Voter turnout data from the University of Florida Election Lab shows fewer than half of eligible voters cast ballots in midterm elections during the last century, with the exception of 2018, when it reached a peak of 50.1%.
“And one aspect of this that’s a little more on the modern side is that our politics today is so partisan, it’s hyper-partisan, and I think it has turned a lot of people off,” Hagle said. “And so they really just don’t want to get involved in it.”
When that’s rolled in with mid-cycle redistricting in several states and the longer term decline in competitive seats due to gerrymandering, Hagle said, it’s led some politicians to change how they communicate with voters.
“You do see attempts by the parties to talk about … things they’ve accomplished,” he said. “Republicans are in control, so they have to do this.

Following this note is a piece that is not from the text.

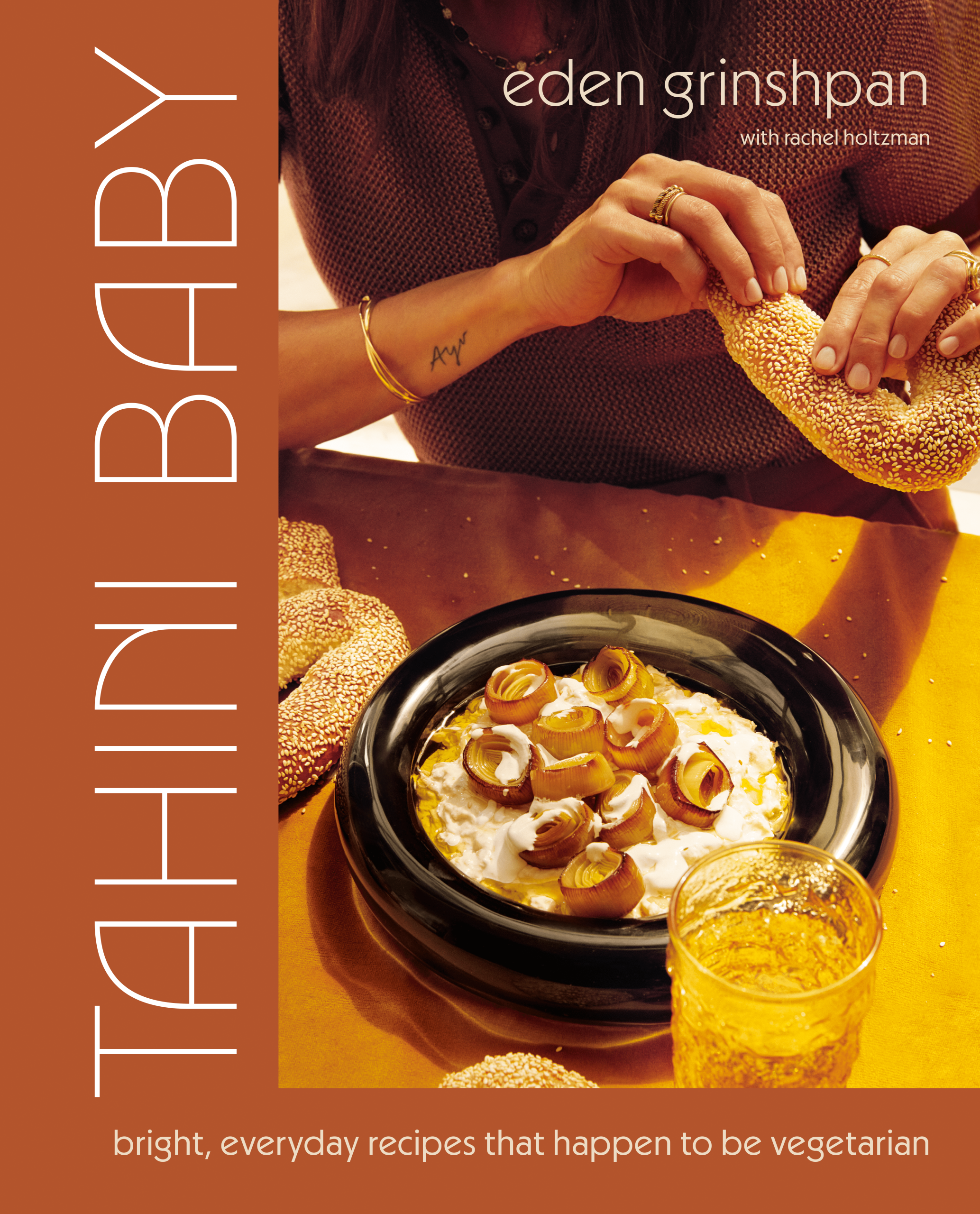 Tahini Baby, Bright, Everyday Recipes That Happen to Be Vegetarian by Eden Grinshpan, Penguin Canada, Toronto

And Democrats will say, ‘Well, here’s sort of what we want to do.’ But one problem there is that it’s often easier to motivate people through fear.”
“In other words, if a party is doing a good job, people will say, ‘Okay, good. That’s sort of what you were hired to do. So keep at it.’ Whereas if you say, ‘Oh, this party, if you leave them in control or put them in control, they’re going to do these horrible things.’ That tends to motivate,” Hagle added. “And that’s one of the reasons why you see such toxic messaging.”